Would you please retype, exactly, the lines of the listing below between the line with "Gebraucht Ford Fiesta" and the line with "went from Democrat", inclusive?
===== TASK INPUTS
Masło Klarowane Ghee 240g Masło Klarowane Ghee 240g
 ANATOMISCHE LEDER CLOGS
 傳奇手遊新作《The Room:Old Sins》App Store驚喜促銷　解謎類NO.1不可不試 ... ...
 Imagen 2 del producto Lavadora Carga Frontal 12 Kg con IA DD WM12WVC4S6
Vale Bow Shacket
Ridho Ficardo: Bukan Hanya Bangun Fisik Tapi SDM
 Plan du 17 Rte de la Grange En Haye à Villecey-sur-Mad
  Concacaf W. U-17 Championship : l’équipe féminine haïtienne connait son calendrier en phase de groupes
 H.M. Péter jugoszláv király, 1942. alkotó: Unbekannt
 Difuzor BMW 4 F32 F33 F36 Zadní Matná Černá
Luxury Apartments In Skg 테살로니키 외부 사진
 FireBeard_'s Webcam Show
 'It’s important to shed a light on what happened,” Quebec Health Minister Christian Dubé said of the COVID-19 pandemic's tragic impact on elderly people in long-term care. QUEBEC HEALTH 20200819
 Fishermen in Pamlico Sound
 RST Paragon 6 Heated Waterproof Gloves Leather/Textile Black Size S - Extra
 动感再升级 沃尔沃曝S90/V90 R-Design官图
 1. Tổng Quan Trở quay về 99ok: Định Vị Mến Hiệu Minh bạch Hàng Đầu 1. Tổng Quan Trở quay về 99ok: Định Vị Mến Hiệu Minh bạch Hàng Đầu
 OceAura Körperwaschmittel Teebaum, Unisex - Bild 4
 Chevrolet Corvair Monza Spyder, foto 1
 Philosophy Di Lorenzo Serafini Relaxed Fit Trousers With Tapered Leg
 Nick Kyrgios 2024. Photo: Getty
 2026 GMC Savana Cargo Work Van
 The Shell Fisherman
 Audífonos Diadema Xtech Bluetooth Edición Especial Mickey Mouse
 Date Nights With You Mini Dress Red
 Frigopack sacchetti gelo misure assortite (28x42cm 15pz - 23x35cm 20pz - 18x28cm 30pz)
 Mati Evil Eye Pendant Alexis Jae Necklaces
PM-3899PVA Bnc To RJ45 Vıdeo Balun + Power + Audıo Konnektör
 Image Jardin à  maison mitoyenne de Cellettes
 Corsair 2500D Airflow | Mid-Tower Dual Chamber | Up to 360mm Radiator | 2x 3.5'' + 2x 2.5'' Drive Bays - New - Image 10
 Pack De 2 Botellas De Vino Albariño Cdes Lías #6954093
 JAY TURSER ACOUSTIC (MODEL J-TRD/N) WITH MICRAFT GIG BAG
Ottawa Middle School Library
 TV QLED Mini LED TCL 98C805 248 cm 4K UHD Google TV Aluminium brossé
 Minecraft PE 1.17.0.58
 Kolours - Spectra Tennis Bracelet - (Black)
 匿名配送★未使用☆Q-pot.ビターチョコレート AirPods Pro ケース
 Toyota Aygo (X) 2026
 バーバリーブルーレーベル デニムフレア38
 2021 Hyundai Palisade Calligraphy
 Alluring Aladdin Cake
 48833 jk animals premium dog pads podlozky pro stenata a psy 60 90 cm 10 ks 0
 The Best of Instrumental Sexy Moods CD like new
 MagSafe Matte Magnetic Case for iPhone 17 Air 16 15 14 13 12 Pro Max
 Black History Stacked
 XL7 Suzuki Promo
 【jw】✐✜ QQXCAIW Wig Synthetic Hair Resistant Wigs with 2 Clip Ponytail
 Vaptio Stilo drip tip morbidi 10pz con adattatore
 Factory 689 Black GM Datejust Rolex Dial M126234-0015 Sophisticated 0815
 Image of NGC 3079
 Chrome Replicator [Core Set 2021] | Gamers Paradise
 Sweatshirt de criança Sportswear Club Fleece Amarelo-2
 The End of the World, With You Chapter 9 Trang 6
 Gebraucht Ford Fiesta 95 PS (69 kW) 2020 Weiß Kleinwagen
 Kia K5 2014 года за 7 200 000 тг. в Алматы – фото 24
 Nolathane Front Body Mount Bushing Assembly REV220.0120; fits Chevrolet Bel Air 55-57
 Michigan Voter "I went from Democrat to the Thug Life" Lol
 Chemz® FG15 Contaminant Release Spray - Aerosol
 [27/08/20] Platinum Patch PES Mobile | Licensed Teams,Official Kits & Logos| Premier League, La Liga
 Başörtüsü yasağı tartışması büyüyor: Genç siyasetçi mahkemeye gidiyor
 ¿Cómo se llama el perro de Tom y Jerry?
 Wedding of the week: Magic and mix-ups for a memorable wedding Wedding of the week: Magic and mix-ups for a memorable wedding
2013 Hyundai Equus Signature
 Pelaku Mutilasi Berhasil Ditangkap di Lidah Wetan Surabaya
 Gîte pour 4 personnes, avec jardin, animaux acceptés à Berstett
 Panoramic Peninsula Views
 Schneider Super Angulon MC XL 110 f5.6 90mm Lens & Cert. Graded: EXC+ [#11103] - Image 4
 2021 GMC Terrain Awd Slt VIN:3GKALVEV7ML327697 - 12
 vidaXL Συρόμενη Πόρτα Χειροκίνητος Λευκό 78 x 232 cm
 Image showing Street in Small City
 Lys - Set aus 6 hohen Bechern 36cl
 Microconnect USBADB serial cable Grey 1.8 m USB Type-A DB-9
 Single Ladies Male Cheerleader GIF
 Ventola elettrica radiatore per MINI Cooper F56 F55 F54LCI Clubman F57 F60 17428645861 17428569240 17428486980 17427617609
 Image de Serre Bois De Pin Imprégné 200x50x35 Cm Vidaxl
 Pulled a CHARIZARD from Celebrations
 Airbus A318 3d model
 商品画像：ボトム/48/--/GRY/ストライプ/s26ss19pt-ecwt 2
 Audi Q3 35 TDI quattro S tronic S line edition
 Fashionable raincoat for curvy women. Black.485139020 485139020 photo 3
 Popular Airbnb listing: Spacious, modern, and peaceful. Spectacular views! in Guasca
==========
*OUTPUT BELOW:*
 Gebraucht Ford Fiesta 95 PS (69 kW) 2020 Weiß Kleinwagen
 Kia K5 2014 года за 7 200 000 тг. в Алматы – фото 24
 Nolathane Front Body Mount Bushing Assembly REV220.0120; fits Chevrolet Bel Air 55-57
 Michigan Voter "I went from Democrat to the Thug Life" Lol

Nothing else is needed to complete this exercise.